***** DATA SHOWN *****

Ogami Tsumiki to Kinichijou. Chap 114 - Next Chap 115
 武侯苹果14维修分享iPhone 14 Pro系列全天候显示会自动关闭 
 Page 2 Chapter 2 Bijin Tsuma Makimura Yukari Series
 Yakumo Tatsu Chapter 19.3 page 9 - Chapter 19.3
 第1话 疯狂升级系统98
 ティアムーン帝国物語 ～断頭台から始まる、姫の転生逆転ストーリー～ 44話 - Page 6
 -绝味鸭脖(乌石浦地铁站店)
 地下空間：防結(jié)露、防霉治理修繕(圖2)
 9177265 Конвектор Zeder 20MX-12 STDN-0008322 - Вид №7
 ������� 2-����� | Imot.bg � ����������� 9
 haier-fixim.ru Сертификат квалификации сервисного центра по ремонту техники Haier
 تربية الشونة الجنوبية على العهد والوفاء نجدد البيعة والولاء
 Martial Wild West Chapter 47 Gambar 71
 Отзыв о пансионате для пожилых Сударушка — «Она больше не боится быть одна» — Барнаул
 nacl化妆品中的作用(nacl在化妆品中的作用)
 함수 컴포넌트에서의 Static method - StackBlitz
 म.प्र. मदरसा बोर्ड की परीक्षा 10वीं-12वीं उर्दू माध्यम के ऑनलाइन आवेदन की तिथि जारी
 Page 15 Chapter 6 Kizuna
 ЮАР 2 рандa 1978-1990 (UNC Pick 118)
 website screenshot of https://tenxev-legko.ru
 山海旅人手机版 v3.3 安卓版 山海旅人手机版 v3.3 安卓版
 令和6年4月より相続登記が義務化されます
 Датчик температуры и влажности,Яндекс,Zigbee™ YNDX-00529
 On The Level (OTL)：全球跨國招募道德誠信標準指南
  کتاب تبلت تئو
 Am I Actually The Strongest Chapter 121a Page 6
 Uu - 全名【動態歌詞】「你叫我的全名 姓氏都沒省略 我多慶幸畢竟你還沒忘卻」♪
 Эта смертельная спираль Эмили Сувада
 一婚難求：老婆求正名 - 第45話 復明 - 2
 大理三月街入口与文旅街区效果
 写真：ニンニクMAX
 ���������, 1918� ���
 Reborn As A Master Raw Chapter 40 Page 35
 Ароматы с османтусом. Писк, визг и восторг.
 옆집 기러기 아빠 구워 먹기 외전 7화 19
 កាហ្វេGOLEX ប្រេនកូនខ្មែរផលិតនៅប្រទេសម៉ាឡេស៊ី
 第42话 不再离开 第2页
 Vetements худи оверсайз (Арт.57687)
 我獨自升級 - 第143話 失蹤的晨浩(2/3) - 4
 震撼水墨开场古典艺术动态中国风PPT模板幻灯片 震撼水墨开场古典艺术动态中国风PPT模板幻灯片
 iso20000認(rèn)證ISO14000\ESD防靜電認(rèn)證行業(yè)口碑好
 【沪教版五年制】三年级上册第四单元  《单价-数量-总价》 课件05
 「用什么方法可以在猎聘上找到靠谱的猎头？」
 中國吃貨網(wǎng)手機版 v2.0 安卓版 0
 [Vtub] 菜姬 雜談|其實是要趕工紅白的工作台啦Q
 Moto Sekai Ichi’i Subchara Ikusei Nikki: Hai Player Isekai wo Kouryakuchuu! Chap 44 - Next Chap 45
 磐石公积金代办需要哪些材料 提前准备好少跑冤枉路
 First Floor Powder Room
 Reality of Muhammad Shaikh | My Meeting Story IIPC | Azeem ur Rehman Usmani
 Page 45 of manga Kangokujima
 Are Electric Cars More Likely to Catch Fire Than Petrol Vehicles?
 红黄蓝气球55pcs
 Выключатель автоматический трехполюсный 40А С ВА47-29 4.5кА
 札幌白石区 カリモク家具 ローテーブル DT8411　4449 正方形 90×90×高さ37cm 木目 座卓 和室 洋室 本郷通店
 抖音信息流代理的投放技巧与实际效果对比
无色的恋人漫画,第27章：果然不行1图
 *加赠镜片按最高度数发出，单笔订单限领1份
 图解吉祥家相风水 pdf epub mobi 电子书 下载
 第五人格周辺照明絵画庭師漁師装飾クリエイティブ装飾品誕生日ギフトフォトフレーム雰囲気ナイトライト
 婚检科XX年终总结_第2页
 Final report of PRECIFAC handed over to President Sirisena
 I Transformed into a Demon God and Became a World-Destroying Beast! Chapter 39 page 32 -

*****

WORK TO BE COMPLETED: Each record is to be retyped exactly as it appears.

REPLY:
Ogami Tsumiki to Kinichijou. Chap 114 - Next Chap 115
 武侯苹果14维修分享iPhone 14 Pro系列全天候显示会自动关闭 
 Page 2 Chapter 2 Bijin Tsuma Makimura Yukari Series
 Yakumo Tatsu Chapter 19.3 page 9 - Chapter 19.3
 第1话 疯狂升级系统98
 ティアムーン帝国物語 ～断頭台から始まる、姫の転生逆転ストーリー～ 44話 - Page 6
 -绝味鸭脖(乌石浦地铁站店)
 地下空間：防結(jié)露、防霉治理修繕(圖2)
 9177265 Конвектор Zeder 20MX-12 STDN-0008322 - Вид №7
 ������� 2-����� | Imot.bg � ����������� 9
 haier-fixim.ru Сертификат квалификации сервисного центра по ремонту техники Haier
 تربية الشونة الجنوبية على العهد والوفاء نجدد البيعة والولاء
 Martial Wild West Chapter 47 Gambar 71
 Отзыв о пансионате для пожилых Сударушка — «Она больше не боится быть одна» — Барнаул
 nacl化妆品中的作用(nacl在化妆品中的作用)
 함수 컴포넌트에서의 Static method - StackBlitz
 म.प्र. मदरसा बोर्ड की परीक्षा 10वीं-12वीं उर्दू माध्यम के ऑनलाइन आवेदन की तिथि जारी
 Page 15 Chapter 6 Kizuna
 ЮАР 2 рандa 1978-1990 (UNC Pick 118)
 website screenshot of https://tenxev-legko.ru
 山海旅人手机版 v3.3 安卓版 山海旅人手机版 v3.3 安卓版
 令和6年4月より相続登記が義務化されます
 Датчик температуры и влажности,Яндекс,Zigbee™ YNDX-00529
 On The Level (OTL)：全球跨國招募道德誠信標準指南
  کتاب تبلت تئو
 Am I Actually The Strongest Chapter 121a Page 6
 Uu - 全名【動態歌詞】「你叫我的全名 姓氏都沒省略 我多慶幸畢竟你還沒忘卻」♪
 Эта смертельная спираль Эмили Сувада
 一婚難求：老婆求正名 - 第45話 復明 - 2
 大理三月街入口与文旅街区效果
 写真：ニンニクMAX
 ���������, 1918� ���
 Reborn As A Master Raw Chapter 40 Page 35
 Ароматы с османтусом. Писк, визг и восторг.
 옆집 기러기 아빠 구워 먹기 외전 7화 19
 កាហ្វេGOLEX ប្រេនកូនខ្មែរផលិតនៅប្រទេសម៉ាឡេស៊ី
 第42话 不再离开 第2页
 Vetements худи оверсайз (Арт.57687)
 我獨自升級 - 第143話 失蹤的晨浩(2/3) - 4
 震撼水墨开场古典艺术动态中国风PPT模板幻灯片 震撼水墨开场古典艺术动态中国风PPT模板幻灯片
 iso20000認(rèn)證ISO14000\ESD防靜電認(rèn)證行業(yè)口碑好
 【沪教版五年制】三年级上册第四单元  《单价-数量-总价》 课件05
 「用什么方法可以在猎聘上找到靠谱的猎头？」
 中國吃貨網(wǎng)手機版 v2.0 安卓版 0
 [Vtub] 菜姬 雜談|其實是要趕工紅白的工作台啦Q
 Moto Sekai Ichi’i Subchara Ikusei Nikki: Hai Player Isekai wo Kouryakuchuu! Chap 44 - Next Chap 45
 磐石公积金代办需要哪些材料 提前准备好少跑冤枉路
 First Floor Powder Room
 Reality of Muhammad Shaikh | My Meeting Story IIPC | Azeem ur Rehman Usmani
 Page 45 of manga Kangokujima
 Are Electric Cars More Likely to Catch Fire Than Petrol Vehicles?
 红黄蓝气球55pcs
 Выключатель автоматический трехполюсный 40А С ВА47-29 4.5кА
 札幌白石区 カリモク家具 ローテーブル DT8411　4449 正方形 90×90×高さ37cm 木目 座卓 和室 洋室 本郷通店
 抖音信息流代理的投放技巧与实际效果对比
无色的恋人漫画,第27章：果然不行1图
 *加赠镜片按最高度数发出，单笔订单限领1份
 图解吉祥家相风水 pdf epub mobi 电子书 下载
 第五人格周辺照明絵画庭師漁師装飾クリエイティブ装飾品誕生日ギフトフォトフレーム雰囲気ナイトライト
 婚检科XX年终总结_第2页
 Final report of PRECIFAC handed over to President Sirisena
 I Transformed into a Demon God and Became a World-Destroying Beast! Chapter 39 page 32 -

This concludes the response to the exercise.